Action item:
Give again, unchanged, the line that contains "Used Audi Q4" together with every line that follows it until the entries end.

[Data items]
================

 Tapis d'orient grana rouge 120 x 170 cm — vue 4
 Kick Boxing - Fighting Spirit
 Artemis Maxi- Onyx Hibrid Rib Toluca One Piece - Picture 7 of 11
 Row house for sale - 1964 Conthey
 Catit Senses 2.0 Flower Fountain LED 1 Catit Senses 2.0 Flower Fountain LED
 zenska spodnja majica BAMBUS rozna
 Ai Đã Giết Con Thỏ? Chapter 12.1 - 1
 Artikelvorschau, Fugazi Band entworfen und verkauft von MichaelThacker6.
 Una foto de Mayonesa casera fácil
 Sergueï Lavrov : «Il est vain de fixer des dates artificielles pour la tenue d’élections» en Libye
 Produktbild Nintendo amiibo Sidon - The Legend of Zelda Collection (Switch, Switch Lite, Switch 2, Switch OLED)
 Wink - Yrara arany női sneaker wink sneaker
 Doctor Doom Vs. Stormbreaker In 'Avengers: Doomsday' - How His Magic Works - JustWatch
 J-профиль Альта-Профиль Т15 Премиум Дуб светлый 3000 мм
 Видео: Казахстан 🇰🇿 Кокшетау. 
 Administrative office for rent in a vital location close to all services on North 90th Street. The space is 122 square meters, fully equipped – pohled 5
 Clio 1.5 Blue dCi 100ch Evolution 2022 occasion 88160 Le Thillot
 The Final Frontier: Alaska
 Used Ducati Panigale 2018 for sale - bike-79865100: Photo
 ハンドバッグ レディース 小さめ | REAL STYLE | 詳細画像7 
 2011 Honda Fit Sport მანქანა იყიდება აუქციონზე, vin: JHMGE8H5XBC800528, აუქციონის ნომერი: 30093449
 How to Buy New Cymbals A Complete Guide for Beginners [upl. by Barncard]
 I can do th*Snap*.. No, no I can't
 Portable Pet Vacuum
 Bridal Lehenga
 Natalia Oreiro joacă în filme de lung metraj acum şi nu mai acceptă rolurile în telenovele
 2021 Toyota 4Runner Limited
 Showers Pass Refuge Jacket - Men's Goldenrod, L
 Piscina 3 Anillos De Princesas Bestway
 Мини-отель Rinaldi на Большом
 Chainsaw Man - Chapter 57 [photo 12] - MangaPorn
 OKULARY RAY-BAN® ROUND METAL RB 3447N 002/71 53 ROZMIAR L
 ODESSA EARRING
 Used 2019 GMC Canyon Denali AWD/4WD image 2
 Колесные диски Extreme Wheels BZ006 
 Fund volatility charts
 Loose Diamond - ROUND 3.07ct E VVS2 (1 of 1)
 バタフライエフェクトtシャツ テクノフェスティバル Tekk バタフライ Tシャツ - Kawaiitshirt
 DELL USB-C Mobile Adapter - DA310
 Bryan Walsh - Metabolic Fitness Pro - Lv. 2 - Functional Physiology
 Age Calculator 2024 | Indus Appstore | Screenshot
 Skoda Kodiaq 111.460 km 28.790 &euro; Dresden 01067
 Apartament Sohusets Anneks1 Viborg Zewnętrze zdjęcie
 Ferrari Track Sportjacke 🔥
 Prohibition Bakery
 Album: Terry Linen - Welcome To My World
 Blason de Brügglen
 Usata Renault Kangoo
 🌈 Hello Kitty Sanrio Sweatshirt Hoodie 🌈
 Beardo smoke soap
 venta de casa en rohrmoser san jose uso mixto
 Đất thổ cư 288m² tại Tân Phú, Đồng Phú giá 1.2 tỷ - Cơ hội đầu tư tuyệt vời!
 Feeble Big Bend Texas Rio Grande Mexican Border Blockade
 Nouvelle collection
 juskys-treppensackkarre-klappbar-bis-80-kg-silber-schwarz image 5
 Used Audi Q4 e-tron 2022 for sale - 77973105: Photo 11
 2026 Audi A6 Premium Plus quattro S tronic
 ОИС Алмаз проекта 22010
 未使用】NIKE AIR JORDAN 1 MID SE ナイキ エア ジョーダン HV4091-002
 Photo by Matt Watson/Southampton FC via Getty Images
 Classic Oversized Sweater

================

Response to this exercise:
 Used Audi Q4 e-tron 2022 for sale - 77973105: Photo 11
 2026 Audi A6 Premium Plus quattro S tronic
 ОИС Алмаз проекта 22010
 未使用】NIKE AIR JORDAN 1 MID SE ナイキ エア ジョーダン HV4091-002
 Photo by Matt Watson/Southampton FC via Getty Images
 Classic Oversized Sweater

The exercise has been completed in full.